C5 = a51*D1 + a52*D2 + a53*D3 + a54*D4 + a55*D5 + a56*D6 + a57*D7 + a58*D8 + a59*D9 + a5A*D10
C6 = a61*D1 + a62*D2 + a63*D3 + a64*D4 + a65*D5 + a66*D6 + a67*D7 + a68*D8 + a69*D9 + a6A*D10
C7 = a71*D1 + a72*D2 + a73*D3 + a74*D4 + a75*D5 + a76*D6 + a77*D7 + a78*D8 + a79*D9 + a7A*D10
C8 = a81*D1 + a82*D2 + a83*D3 + a84*D4 + a85*D5 + a86*D6 + a87*D7 + a88*D8 + a89*D9 + a8A*D10
C9 = a91*D1 + a92*D2 + a93*D3 + a94*D4 + a95*D5 + a96*D6 + a97*D7 + a98*D8 + a99*D9 + a9A*D10

For each of the 36 populations, we'll have these 9 equations where C1 through C9 are the ancestral component percentages of that population in Harappa Project and D1 through D10 are the ancestral percentages in Dodecad Project.

The unknowns are the coefficients "a". They are 90 unknowns.
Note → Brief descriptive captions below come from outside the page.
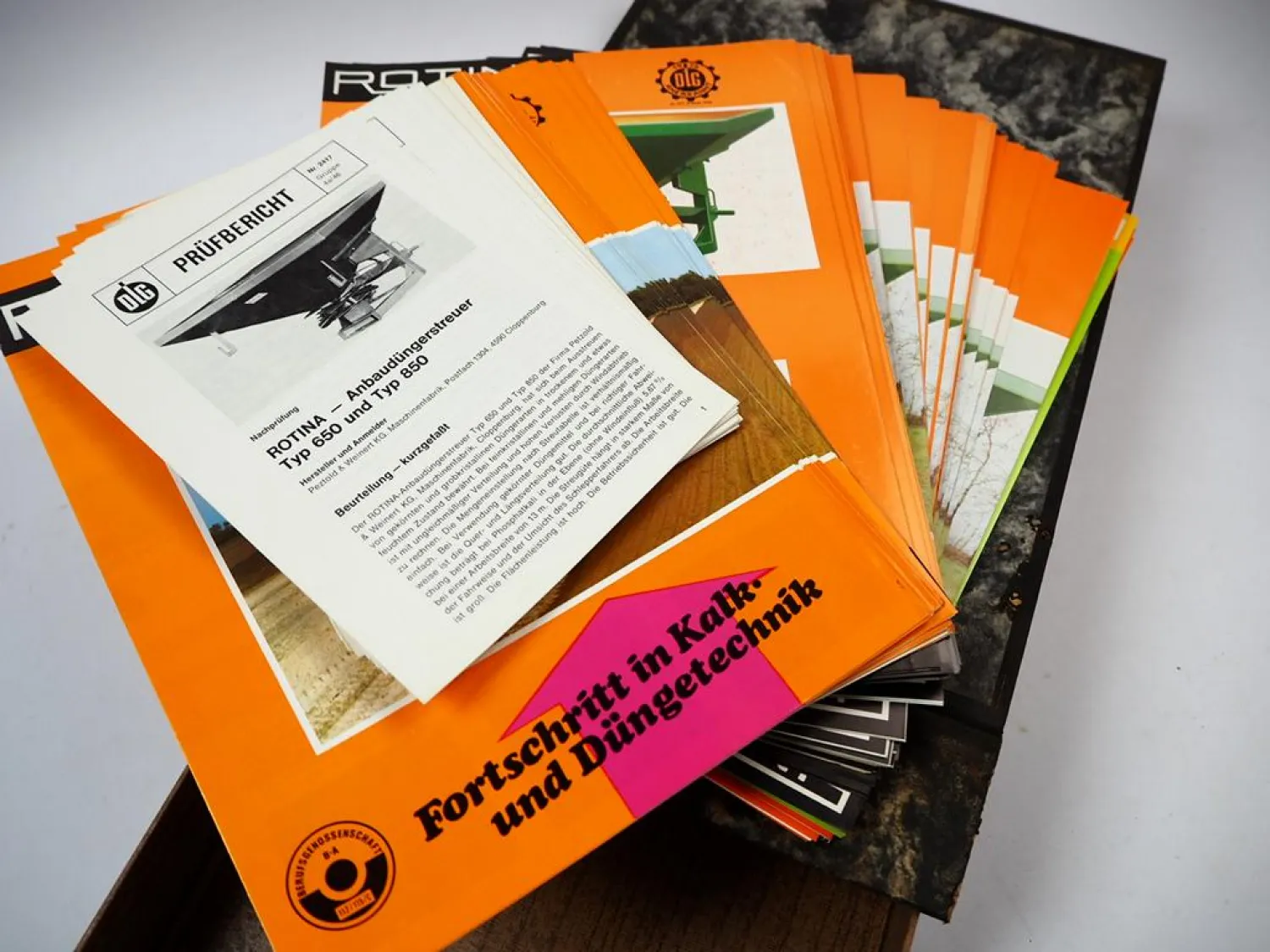 Posten Original Prospekte Prüfberichte Rotina Düngetechnik in Archivkasten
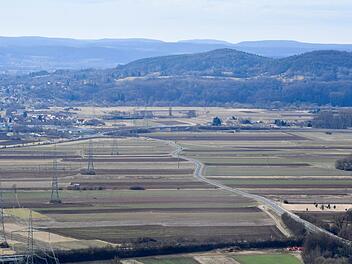 Das Luftbild zeigt die Kreisstraße zwischen Hallstadt und Gundelsheim (Blick hier aus Richtung Gundelsheim). Ab Mai ist sie wegen Bauarbeiten gesperrt. Foto: Ronald Rinklef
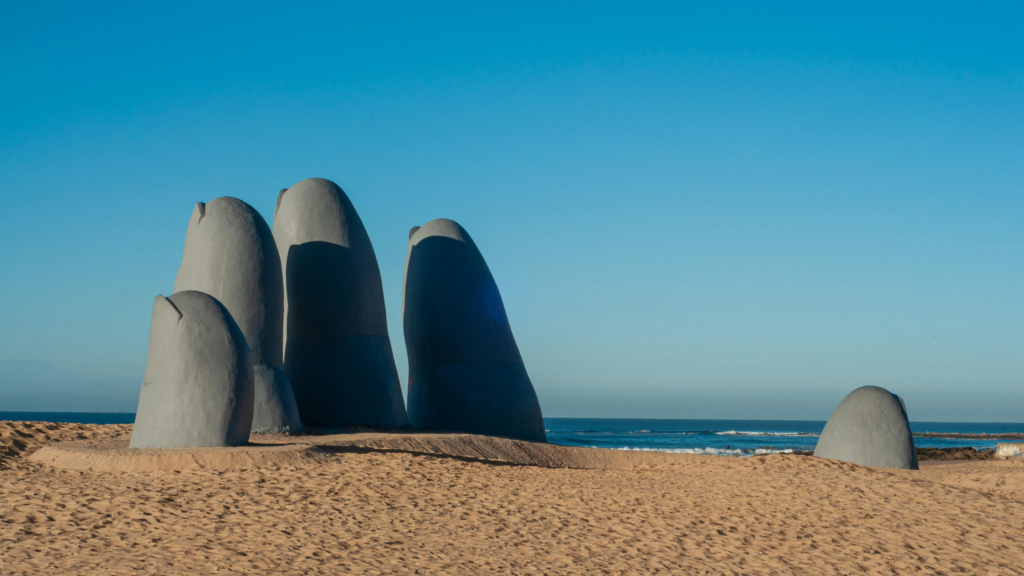 Descubra Punta del Este: Visite Piriápolis, Casapueblo e o centro de Punta del Este com guia especializado.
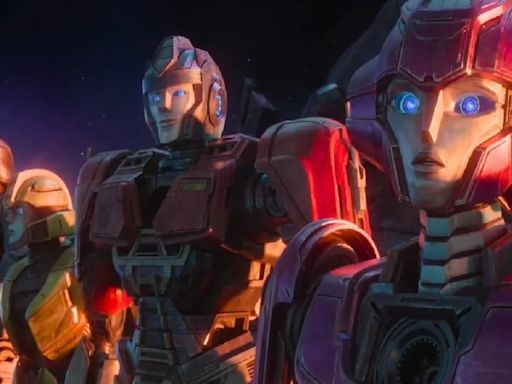 Transformers Uno: la película protagonizada por Chris Hemsworth y Scarlett Johansson presenta su tráiler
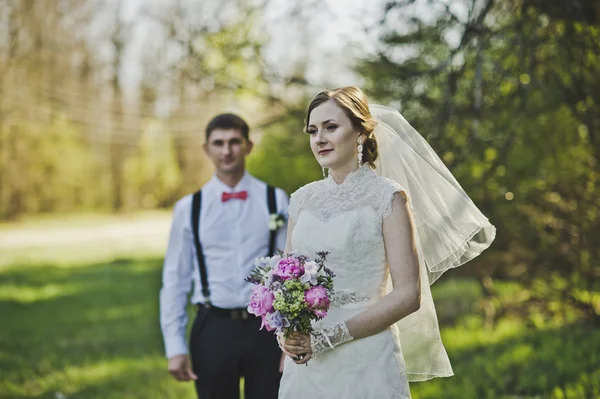 Recién casados abrazándose en el fondo del bosque 3965 . —  Fotos de Stock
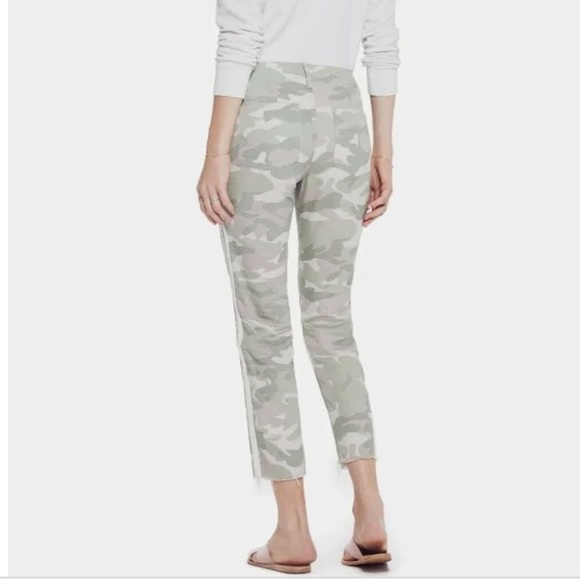 MOTHER The Shaker Chop Crop Fray Pant in Desert Print - Picture 2 of 12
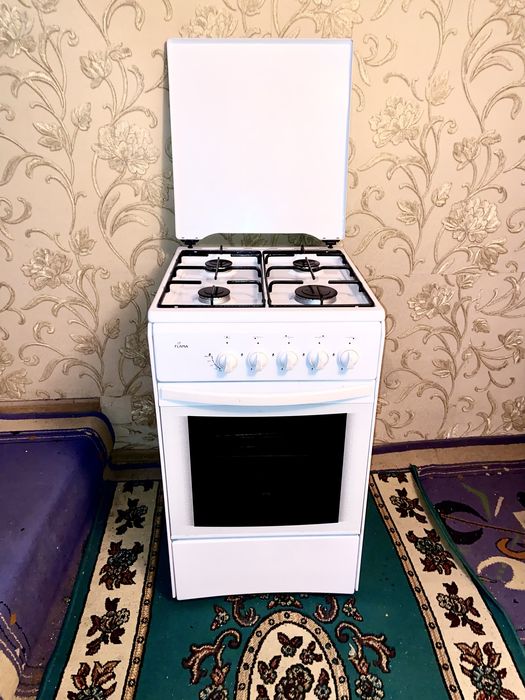 Продам газ плиту идеальная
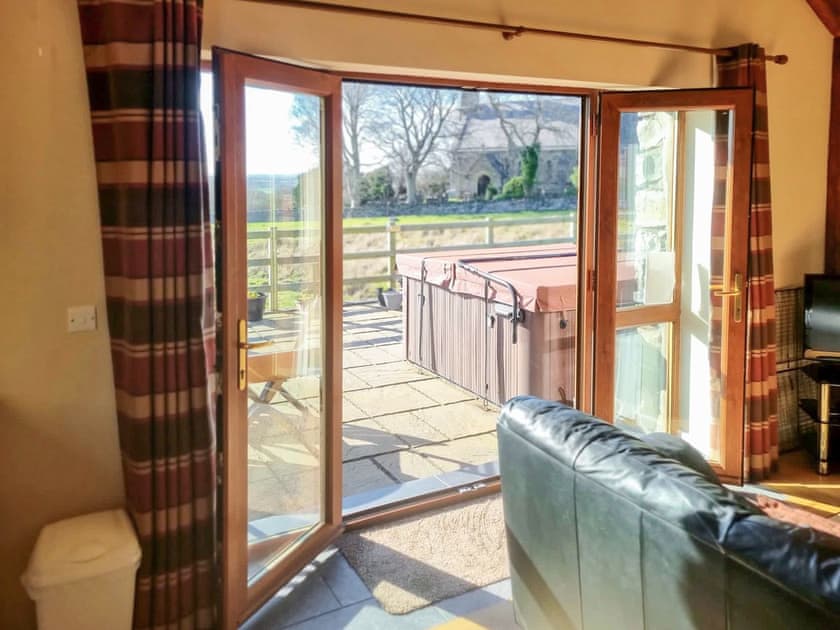 Living area | Yr Hen Weithdy, Llanllechid near?Bangor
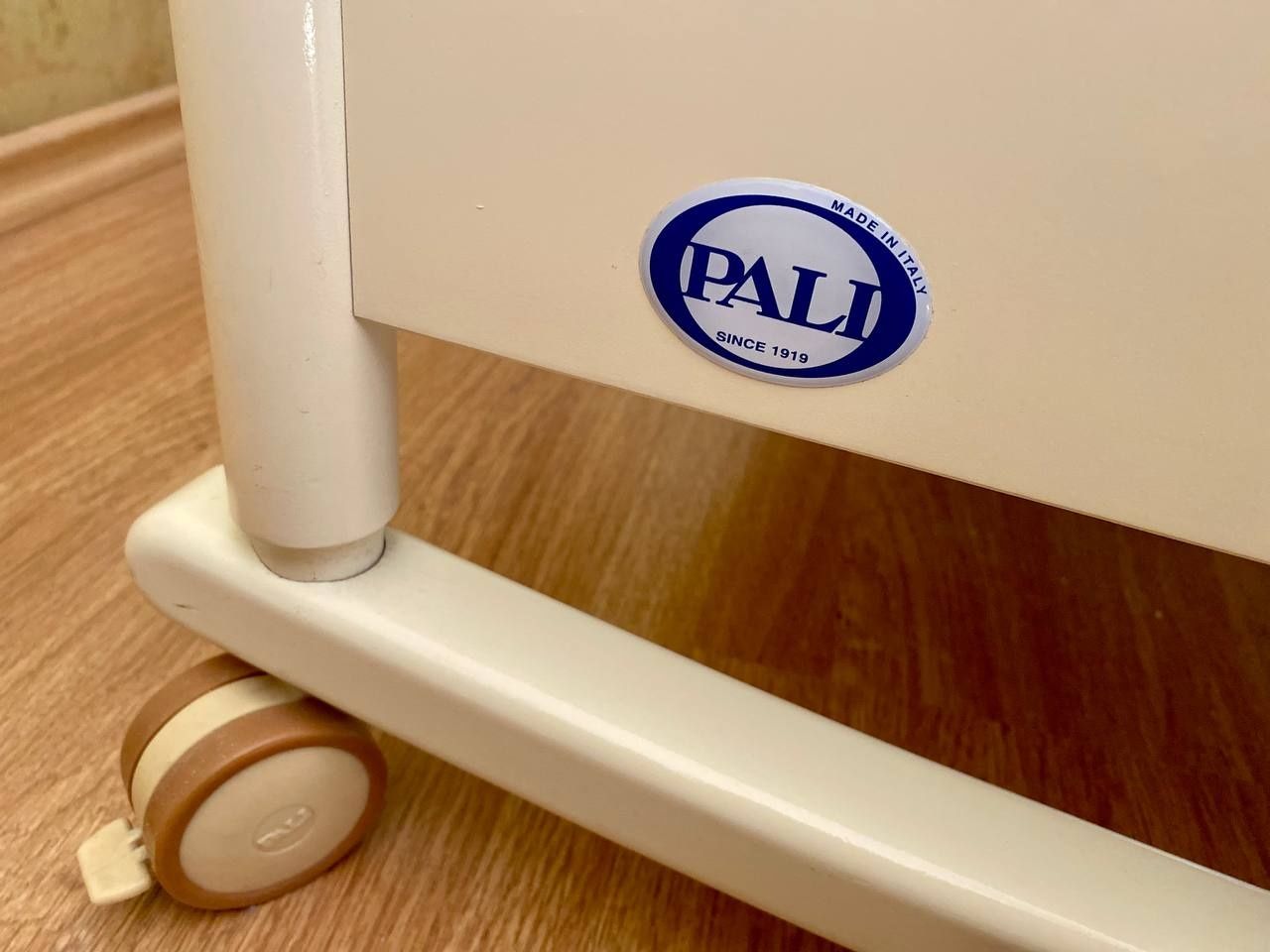Продам кроватку итальянского бренда PALI с оригинальным матрасом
Since we have 36 populations, the number of equations is 36*9=324. Therefore, this is an overdetermined system of linear equations and we can find a least squares solution to it.

Here is the solution:

D1 W Asian D2 NW African D3 S Euro D4 NE Asian D5 SW Asian D6 E Asian D7 N Euro D8 W African D9 E African D10 S Asian
C1 S Asian 0 0 0 0 0 0 0 0 0 0.92
C2 Kalash 0.54 0 -0.05 0.12 0.07 0 0.2 0 0 0.1
C3 SW Asian 0.46 0.56 0.44 0 0.9 0 -0.09 0 0.09 -0.07
C4 SE Asian 0 0 0 0 0 0.6 0 0 0 0
C5 Euro 0 0.19 0.6 0.05 -0.05 0 0.88 0 0 0
C6 Papuan 0 0 0 0 0 0 0 0 0 0
C7 NE Asian 0 0 0 0.85 0 0.4 0 0 0 0
C8 W African 0 0.12 0 0 0 0 0 1 0 0
C9 E African 0 0.12 0 0 0.05 0 0 0 0.89 0

Don't take the exact values to heart but this shows the general relationship between the Dodecad and Harappa (K=9) ancestral components.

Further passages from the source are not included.